It was a good while after that before we ventured to steal any more grapes, and when we did we stirred up another troublesome brigand, and then we relinquished all further speculation in that line. I suppose that the peasant that rode by on the mule posted all the sentinels, from Athens to the Piræus, about us.

Every field on that long route was watched by an armed sentinel, some of whom had fallen asleep, no doubt, but were on hand, nevertheless. This shows what sort of a country modern Attica is—a community of questionable characters. These men were not there to guard their possessions against strangers, but against each other; for strangers seldom visit Athens and the Piræus, and when they do, they go in daylight, and can buy all the grapes they want for a trifle. The modern inhabitants are confiscators and falsifiers of high repute, if gossip speaks truly concerning them, and I freely believe it does.

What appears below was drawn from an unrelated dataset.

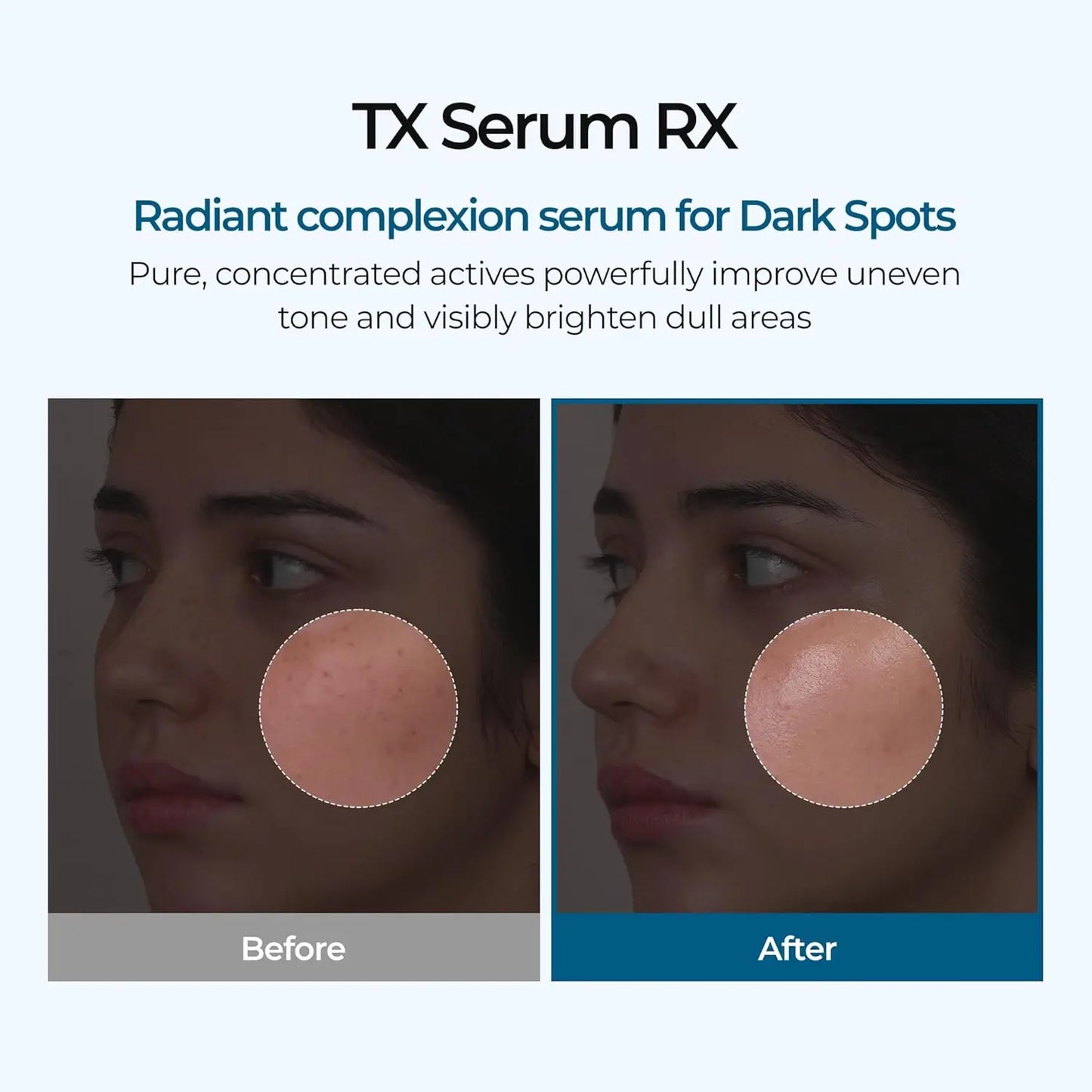 Dr. Melaxin Facial Treatment Ampoules | Niacinamide, Whitening & Scar Fading Care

Just as the earliest tinges of the dawn flushed the eastern sky and turned the pillared Parthenon to a broken harp hung in the pearly horizon, we closed our thirteen mile of weary, round-about marching, and emerged upon the sea-shore abreast the ships, with our usual escort of fifteen hundred Piræan dogs howling at our heels. We hailed a boat that was two or three hundred yards from shore, and discovered in a moment that it was a police-boat on the look-out for any quarantine-breakers that might chance to be abroad. So we dodged-we were used to that by this time--and when the scouts reached the spot we had

so lately occupied, we were absent. They cruised along the shore, but in the wrong direction, and shortly our own boat issued from the gloom and took us aboard. They had heard our signal on the ship. We rowed noiselessly away, and before the police-boat came in sight again, we were safe at home once

more.

Four more of our passengers were anxious to visit Athens, and started half an hour after we returned; but they had not been ashore five minutes till the police discovered and chased them so hotly that they barely escaped to their boat again, and that was all. They pursued the enterprise no further.

CHAPTER II.

FROM Athens all through the islands of the Grecian Archipelago, we saw little but forbidding sea-walls and barren hills, sometimes surmounted by three or four graceful columns of some ancient temple, lonely and deserted-a fitting symbol of the desolation that has come upon all Greece in these latter ages. We saw no ploughed fields, very few villages, no trees or grass or vegetation of any kind scarcely, and hardly ever an isolated house. Greece is a bleak, unsmiling desert, without agriculture, manufactures, or commerce, apparently. What supports its poverty-stricken people or its Government, is a mystery.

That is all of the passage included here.